**What you need to do:**
Return the entries exactly. Images are not part of the copy.

**Data excerpts:**
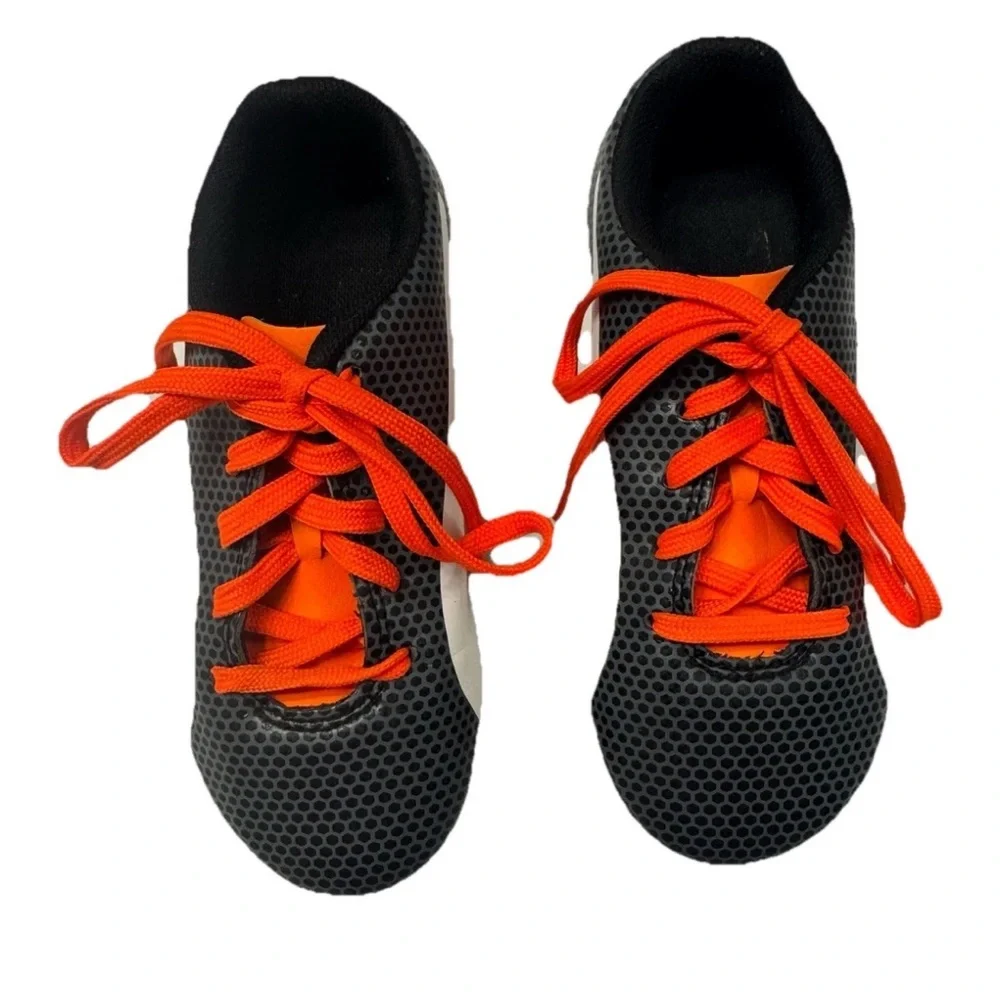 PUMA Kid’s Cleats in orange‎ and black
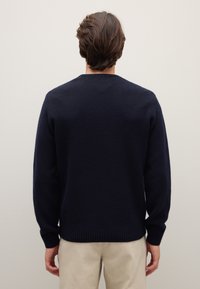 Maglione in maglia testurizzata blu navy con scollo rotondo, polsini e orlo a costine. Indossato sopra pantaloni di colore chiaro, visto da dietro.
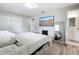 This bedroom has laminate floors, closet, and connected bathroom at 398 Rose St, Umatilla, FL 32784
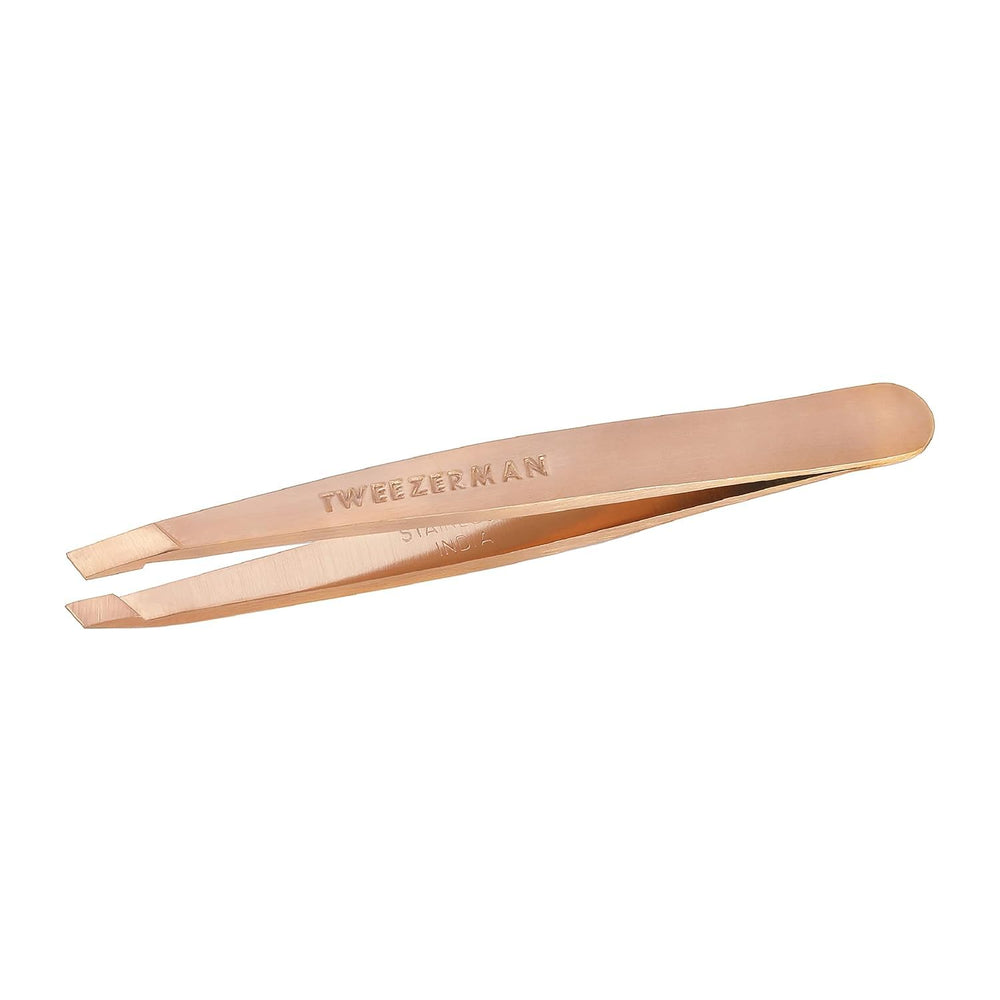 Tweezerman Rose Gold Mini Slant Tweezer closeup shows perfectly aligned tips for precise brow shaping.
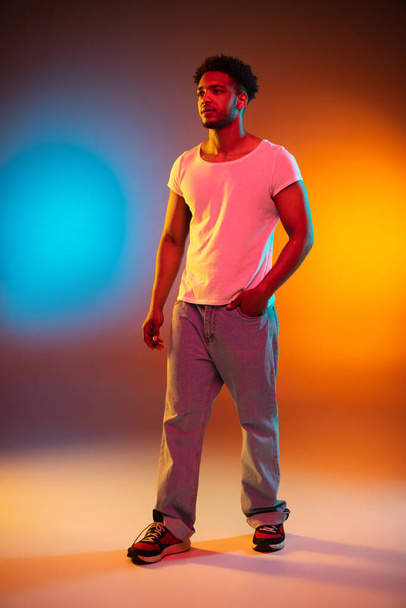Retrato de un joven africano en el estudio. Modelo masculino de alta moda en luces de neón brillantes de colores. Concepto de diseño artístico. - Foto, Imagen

**Response:**
 PUMA Kid’s Cleats in orange‎ and black
 Maglione in maglia testurizzata blu navy con scollo rotondo, polsini e orlo a costine. Indossato sopra pantaloni di colore chiaro, visto da dietro.
 This bedroom has laminate floors, closet, and connected bathroom at 398 Rose St, Umatilla, FL 32784
 Tweezerman Rose Gold Mini Slant Tweezer closeup shows perfectly aligned tips for precise brow shaping.
Retrato de un joven africano en el estudio. Modelo masculino de alta moda en luces de neón brillantes de colores. Concepto de diseño artístico. - Foto, Imagen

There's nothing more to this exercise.